What to work on:
From the data below, repeat exactly the lines from the line with "2011-ford-cargo-image-2" to the line with "Playmobil‎ Child In", both included.

Stored data:
Start of Block
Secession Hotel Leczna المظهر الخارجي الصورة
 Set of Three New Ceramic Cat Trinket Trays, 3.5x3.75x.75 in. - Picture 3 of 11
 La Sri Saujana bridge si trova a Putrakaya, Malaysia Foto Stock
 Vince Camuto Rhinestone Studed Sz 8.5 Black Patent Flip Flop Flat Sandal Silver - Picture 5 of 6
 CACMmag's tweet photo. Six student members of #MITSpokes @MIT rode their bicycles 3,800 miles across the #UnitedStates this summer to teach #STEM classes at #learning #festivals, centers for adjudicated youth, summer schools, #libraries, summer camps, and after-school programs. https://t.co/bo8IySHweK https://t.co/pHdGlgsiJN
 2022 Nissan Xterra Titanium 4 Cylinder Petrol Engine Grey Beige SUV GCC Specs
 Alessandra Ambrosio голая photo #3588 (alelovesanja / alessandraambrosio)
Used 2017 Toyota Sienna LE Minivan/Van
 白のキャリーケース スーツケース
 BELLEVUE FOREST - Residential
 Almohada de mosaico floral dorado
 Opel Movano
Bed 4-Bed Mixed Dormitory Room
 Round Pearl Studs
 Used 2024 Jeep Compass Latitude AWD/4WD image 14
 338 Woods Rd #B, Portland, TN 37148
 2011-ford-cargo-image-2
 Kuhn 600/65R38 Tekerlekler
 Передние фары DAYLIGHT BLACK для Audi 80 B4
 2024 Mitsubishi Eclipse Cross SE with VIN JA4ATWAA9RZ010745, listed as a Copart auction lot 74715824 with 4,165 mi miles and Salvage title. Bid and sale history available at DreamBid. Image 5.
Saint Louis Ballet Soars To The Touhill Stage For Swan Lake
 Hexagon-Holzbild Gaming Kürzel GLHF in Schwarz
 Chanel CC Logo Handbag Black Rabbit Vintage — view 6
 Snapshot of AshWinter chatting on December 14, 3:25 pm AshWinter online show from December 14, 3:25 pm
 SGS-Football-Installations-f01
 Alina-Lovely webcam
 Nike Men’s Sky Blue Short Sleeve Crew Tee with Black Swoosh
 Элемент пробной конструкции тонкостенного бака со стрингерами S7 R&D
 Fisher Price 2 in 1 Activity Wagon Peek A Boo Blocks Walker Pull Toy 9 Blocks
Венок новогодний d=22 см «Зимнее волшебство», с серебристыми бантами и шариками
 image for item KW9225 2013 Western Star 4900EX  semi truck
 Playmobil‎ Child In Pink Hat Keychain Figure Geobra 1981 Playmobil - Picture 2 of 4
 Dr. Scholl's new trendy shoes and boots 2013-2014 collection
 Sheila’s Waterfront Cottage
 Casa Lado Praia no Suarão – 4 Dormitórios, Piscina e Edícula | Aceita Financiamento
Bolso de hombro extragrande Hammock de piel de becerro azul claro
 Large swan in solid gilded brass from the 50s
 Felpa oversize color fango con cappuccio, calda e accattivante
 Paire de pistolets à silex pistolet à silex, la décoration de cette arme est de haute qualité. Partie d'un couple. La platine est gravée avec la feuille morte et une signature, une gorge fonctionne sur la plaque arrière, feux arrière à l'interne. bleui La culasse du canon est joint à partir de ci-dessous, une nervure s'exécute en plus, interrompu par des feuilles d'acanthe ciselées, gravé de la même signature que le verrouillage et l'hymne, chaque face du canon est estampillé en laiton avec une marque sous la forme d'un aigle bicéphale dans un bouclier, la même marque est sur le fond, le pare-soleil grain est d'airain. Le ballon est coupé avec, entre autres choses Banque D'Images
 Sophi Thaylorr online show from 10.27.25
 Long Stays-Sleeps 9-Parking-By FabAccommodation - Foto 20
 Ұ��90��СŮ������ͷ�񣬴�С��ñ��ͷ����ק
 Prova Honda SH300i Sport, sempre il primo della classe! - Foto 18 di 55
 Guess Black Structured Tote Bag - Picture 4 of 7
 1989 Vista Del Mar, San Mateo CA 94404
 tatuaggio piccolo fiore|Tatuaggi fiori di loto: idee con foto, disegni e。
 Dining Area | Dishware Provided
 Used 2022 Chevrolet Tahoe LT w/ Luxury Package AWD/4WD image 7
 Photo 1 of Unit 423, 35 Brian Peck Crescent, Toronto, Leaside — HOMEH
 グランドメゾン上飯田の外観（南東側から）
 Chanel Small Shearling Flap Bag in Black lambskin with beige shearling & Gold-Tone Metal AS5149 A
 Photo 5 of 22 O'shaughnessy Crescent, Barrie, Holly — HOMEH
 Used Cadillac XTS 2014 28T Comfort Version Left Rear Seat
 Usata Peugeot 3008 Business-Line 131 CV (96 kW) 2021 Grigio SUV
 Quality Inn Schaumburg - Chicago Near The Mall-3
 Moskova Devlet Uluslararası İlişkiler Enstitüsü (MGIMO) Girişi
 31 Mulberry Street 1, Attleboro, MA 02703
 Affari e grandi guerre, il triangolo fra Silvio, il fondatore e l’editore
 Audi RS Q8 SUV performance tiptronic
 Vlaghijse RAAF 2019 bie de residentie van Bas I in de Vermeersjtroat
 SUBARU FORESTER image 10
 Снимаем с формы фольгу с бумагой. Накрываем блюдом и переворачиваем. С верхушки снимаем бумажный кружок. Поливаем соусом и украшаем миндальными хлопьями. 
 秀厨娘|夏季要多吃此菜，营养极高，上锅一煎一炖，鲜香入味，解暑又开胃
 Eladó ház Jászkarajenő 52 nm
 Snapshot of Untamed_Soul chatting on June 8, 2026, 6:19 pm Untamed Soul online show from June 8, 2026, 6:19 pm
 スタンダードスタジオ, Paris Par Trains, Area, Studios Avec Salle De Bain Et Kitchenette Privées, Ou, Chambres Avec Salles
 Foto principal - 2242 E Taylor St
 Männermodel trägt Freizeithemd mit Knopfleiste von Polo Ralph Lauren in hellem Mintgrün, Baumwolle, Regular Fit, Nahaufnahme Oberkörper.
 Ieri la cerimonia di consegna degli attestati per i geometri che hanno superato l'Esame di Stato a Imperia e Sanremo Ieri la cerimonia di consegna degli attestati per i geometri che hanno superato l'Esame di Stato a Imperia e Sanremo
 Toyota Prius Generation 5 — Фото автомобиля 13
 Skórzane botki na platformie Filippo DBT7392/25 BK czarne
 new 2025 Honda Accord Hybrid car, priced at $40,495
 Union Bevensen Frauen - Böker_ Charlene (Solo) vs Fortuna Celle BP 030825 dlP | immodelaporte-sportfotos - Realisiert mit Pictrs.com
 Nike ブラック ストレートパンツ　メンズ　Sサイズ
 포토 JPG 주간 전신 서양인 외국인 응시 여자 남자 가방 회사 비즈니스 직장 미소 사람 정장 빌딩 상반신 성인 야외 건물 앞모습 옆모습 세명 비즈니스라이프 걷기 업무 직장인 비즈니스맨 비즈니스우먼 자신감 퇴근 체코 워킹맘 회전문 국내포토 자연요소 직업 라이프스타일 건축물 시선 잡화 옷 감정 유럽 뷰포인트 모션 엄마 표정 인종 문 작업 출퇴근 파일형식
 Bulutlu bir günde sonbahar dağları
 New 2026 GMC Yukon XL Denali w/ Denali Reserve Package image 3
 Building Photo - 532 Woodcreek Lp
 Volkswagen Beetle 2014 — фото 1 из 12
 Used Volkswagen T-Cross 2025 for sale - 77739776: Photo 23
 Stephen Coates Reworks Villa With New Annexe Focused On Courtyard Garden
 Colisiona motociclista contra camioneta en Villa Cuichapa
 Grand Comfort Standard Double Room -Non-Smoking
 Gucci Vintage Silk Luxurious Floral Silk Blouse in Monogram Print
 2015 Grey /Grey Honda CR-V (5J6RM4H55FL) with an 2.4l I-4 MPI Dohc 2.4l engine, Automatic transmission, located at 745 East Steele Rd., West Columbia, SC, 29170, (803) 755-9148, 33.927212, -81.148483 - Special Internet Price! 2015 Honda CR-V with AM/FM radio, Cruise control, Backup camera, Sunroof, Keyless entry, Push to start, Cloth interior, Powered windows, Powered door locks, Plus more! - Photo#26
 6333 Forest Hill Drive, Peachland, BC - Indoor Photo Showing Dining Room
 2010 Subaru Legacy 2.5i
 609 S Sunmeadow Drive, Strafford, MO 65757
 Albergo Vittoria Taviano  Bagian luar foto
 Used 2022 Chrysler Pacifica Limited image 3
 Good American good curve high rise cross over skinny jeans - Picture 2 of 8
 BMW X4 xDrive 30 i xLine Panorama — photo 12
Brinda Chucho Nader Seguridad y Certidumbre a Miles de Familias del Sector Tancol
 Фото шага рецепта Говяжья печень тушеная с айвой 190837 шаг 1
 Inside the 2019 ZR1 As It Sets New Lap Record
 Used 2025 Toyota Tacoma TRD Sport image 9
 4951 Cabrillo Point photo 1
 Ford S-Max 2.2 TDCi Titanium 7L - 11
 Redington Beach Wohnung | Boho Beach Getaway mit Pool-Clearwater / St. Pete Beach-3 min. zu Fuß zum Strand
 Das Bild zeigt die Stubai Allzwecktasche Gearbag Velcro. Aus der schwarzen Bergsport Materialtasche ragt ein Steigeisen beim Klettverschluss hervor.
End of Block
Problem solution:
 2011-ford-cargo-image-2
 Kuhn 600/65R38 Tekerlekler
 Передние фары DAYLIGHT BLACK для Audi 80 B4
 2024 Mitsubishi Eclipse Cross SE with VIN JA4ATWAA9RZ010745, listed as a Copart auction lot 74715824 with 4,165 mi miles and Salvage title. Bid and sale history available at DreamBid. Image 5.
Saint Louis Ballet Soars To The Touhill Stage For Swan Lake
 Hexagon-Holzbild Gaming Kürzel GLHF in Schwarz
 Chanel CC Logo Handbag Black Rabbit Vintage — view 6
 Snapshot of AshWinter chatting on December 14, 3:25 pm AshWinter online show from December 14, 3:25 pm
 SGS-Football-Installations-f01
 Alina-Lovely webcam
 Nike Men’s Sky Blue Short Sleeve Crew Tee with Black Swoosh
 Элемент пробной конструкции тонкостенного бака со стрингерами S7 R&D
 Fisher Price 2 in 1 Activity Wagon Peek A Boo Blocks Walker Pull Toy 9 Blocks
Венок новогодний d=22 см «Зимнее волшебство», с серебристыми бантами и шариками
 image for item KW9225 2013 Western Star 4900EX  semi truck
 Playmobil‎ Child In Pink Hat Keychain Figure Geobra 1981 Playmobil - Picture 2 of 4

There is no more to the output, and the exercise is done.